##### Supplied data #####

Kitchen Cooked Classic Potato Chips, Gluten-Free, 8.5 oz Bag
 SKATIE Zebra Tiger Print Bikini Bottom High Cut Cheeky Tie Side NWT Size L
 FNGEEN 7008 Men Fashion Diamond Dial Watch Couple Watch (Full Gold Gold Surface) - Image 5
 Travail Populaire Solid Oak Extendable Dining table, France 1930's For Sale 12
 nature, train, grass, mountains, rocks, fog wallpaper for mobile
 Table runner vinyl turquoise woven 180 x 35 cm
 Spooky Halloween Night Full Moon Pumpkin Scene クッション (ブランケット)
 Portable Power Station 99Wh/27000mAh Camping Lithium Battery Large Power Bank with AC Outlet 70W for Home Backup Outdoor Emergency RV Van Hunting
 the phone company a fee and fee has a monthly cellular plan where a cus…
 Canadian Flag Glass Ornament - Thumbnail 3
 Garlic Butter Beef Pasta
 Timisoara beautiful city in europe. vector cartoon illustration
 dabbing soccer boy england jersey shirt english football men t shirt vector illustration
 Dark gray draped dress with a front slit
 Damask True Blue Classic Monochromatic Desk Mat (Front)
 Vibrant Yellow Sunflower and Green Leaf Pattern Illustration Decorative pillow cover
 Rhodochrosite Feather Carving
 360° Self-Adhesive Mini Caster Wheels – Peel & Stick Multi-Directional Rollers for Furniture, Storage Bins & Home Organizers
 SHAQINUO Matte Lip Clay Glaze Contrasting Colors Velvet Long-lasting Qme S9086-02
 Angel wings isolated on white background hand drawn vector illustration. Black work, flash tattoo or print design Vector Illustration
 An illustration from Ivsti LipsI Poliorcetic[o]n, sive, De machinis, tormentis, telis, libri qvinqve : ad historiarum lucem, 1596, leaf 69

#####

Write the records out again. Keep every line exactly as it is.

> _Task solution_:
Kitchen Cooked Classic Potato Chips, Gluten-Free, 8.5 oz Bag
 SKATIE Zebra Tiger Print Bikini Bottom High Cut Cheeky Tie Side NWT Size L
 FNGEEN 7008 Men Fashion Diamond Dial Watch Couple Watch (Full Gold Gold Surface) - Image 5
 Travail Populaire Solid Oak Extendable Dining table, France 1930's For Sale 12
 nature, train, grass, mountains, rocks, fog wallpaper for mobile
 Table runner vinyl turquoise woven 180 x 35 cm
 Spooky Halloween Night Full Moon Pumpkin Scene クッション (ブランケット)
 Portable Power Station 99Wh/27000mAh Camping Lithium Battery Large Power Bank with AC Outlet 70W for Home Backup Outdoor Emergency RV Van Hunting
 the phone company a fee and fee has a monthly cellular plan where a cus…
 Canadian Flag Glass Ornament - Thumbnail 3
 Garlic Butter Beef Pasta
 Timisoara beautiful city in europe. vector cartoon illustration
 dabbing soccer boy england jersey shirt english football men t shirt vector illustration
 Dark gray draped dress with a front slit
 Damask True Blue Classic Monochromatic Desk Mat (Front)
 Vibrant Yellow Sunflower and Green Leaf Pattern Illustration Decorative pillow cover
 Rhodochrosite Feather Carving
 360° Self-Adhesive Mini Caster Wheels – Peel & Stick Multi-Directional Rollers for Furniture, Storage Bins & Home Organizers
 SHAQINUO Matte Lip Clay Glaze Contrasting Colors Velvet Long-lasting Qme S9086-02
 Angel wings isolated on white background hand drawn vector illustration. Black work, flash tattoo or print design Vector Illustration
 An illustration from Ivsti LipsI Poliorcetic[o]n, sive, De machinis, tormentis, telis, libri qvinqve : ad historiarum lucem, 1596, leaf 69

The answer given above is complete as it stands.